Approach the corner as wide as is sensible (to the left of the carriageway for a right hander, to the right for a left), and stay there until you can see through the turn to the exit. Now turn in and take the shortest route between where you are and the exit. The tightest point you clip will be the apex but unlike on a race track, doing it this way means your view through the corner is always your top priority so you're not going to plough head on into a milk float you haven't seen.

The other thing about cornering like this is it forces you to be more mellow with your entry speed, and this will make you faster. No, really.

People get too hung up on entry speed but that's not where the overall speed comes from. See, if you fly into a corner hard on the anchors at the last minute, you'll probably run a bit wide and you'll then have the front all loaded up and won't be able to get the power on until you're well past the apex. This means less drive out of the corner and as a result will be slower - corner exit speed is where you'll make the most ground, especially if your bike's a 600 or bigger.

You'll need some throttle control too, the aim being to be just off the power or on a steady throttle as you turn in and then driving through the bend on a positive throttle, winding it on progressively as you move from banked over at the apex to virtually upright towards the exit.

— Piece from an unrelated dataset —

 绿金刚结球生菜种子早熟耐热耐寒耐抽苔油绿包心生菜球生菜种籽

Oh, and a lot of people will bang on about countersteering to initiate your turn and then keep it going, but to be honest I wouldn't worry about it. Whether you're aware of it or not, you're already doing it naturally otherwise you wouldn't be able to steer at all. Basically, countersteering is how a bike turns and works like this - turn the bars left (by pushing the right bar away from you), and you'll go right, and vice versa. All it means is a nudge on the inside bar is all it takes to enter a turn, and a further nudge will tighten your line if need be.

Mid-corner mind games

Providing you've read the road right and your tyres are warm, you'll have no bothers getting round any corner but as life doesn't always go to plan here's how to handle the unexpected.

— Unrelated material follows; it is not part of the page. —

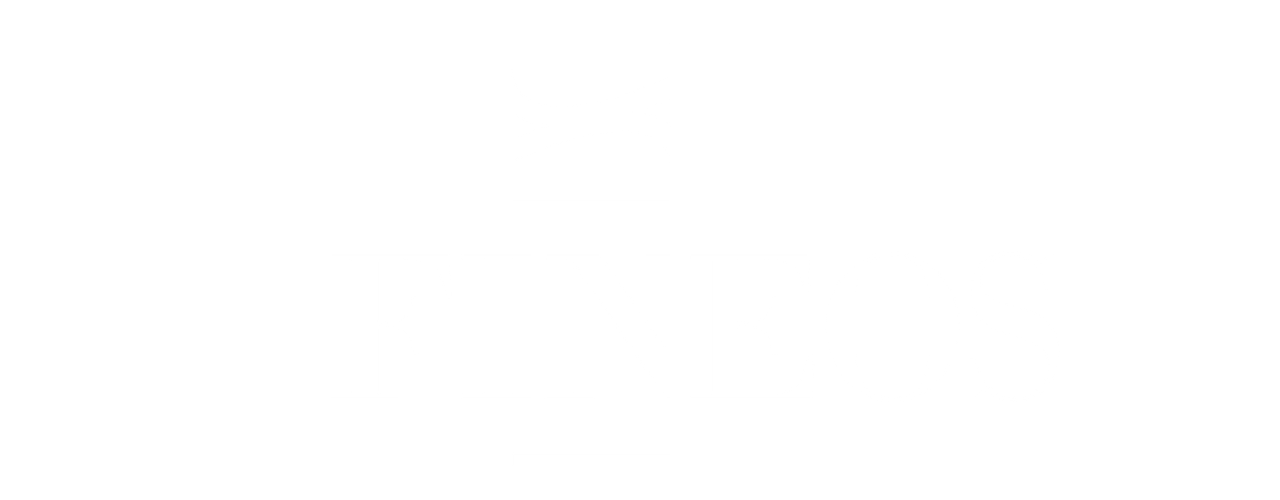 fineos logo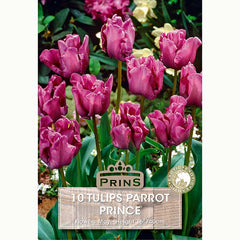 Tulip Parrot Prince Bulbs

If a corner suddenly tightens on you, don't panic. Easier said than done I know, but you must relax, turn your neck and point your head to force your eyes to look through the corner to where you want to be going, and let the bike take you there. You go where you look, it really is that simple and nine times out of ten the bike will make the corner even if your brain thinks you won't.

Whatever you do don't give up on the corner and get fixated looking at where you think you're about to crash if you leave the road. Look there and you will go there is the rule - so if you look at that ditch thinking 'oh no, I'm going to crash in there', sure as eggs is eggs, you will. Look where you want to go and go there instead, then pull up and take a breather to chill out.

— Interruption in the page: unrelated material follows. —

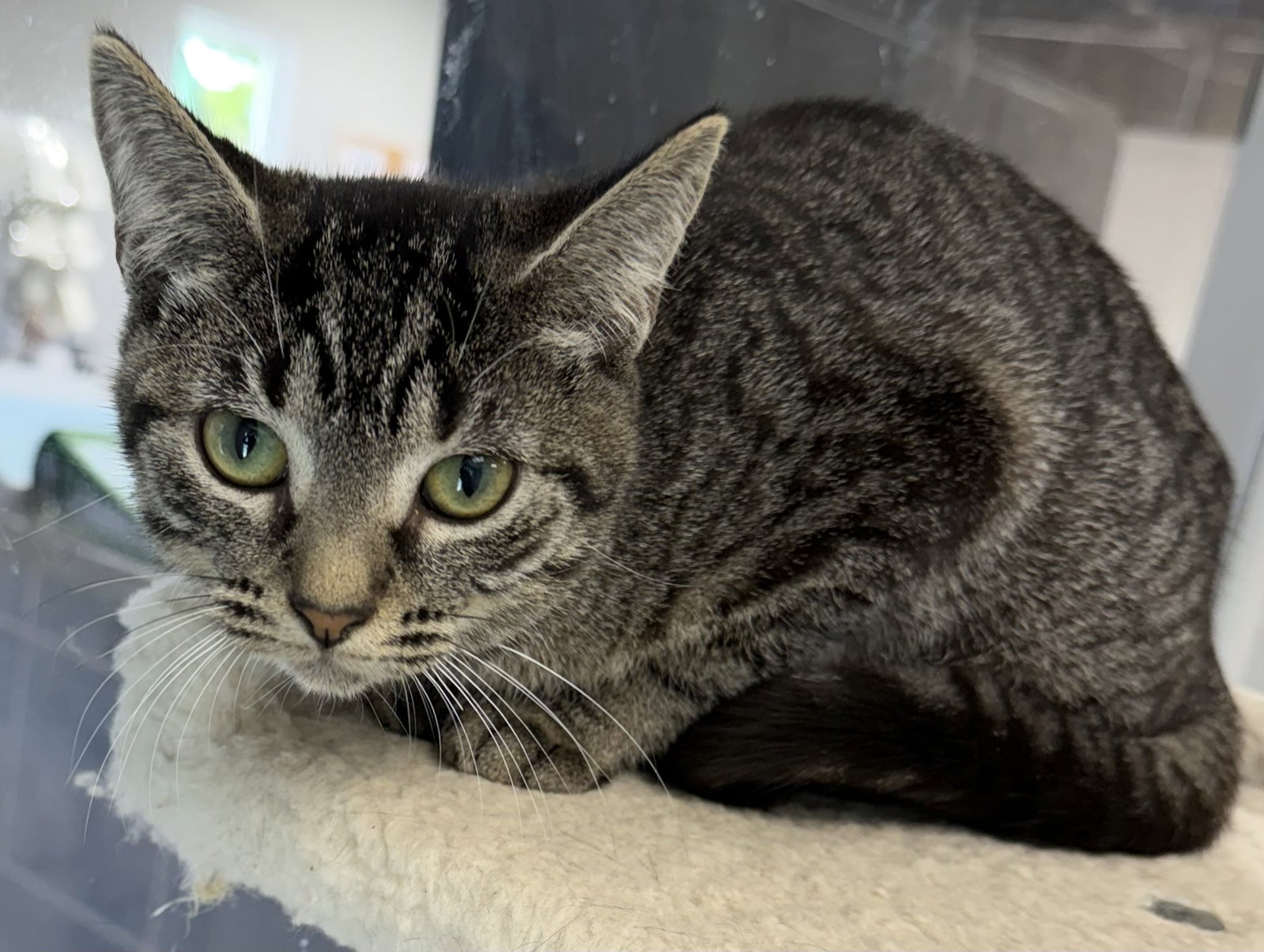 Busch, Domestic Short Hair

And whenever you're cornering, be aware of what your tyres are up to. Feel every last bit of feedback you can through all your sensors - that's your arse, hands and feet. The more you concentrate on this, the more you'll be able to tell as time goes on. There's no secret to it, it just takes time and you only get to know where the limit is by approaching it gradually.

Niall's homework

Right then, I’ve got two pieces of homework for you lot today.

First of all, go to a twisty stretch you know and ride it a few times to refamilarise yourself with it. Then, when you’re comfortable, try riding it without brakes, slowing yourself on engine braking alone. This will force you to concentrate on arriving at corners at the correct speed, on the right line and in the right gear. Obviously use the brakes if you need them, but keep at it until you can do the whole section smooth, relaxed and with no brakes.

That too easy for you? Right then, try this. Head for some twisties you don’t know and try the same thing. Again, use the brakes whenever you need them, but as your road-reading, positioning and lines improve you’ll be able to ride unknown roads without brakes. When you can do this down any stretch you don’t know, not only will you be way safer and smoother, you’ll also have the option for more speed by bringing the brakes into the equation properly. Just remember, your actual entry speeds shouldn’t be much faster, if at all, than when you weren’t using the anchors.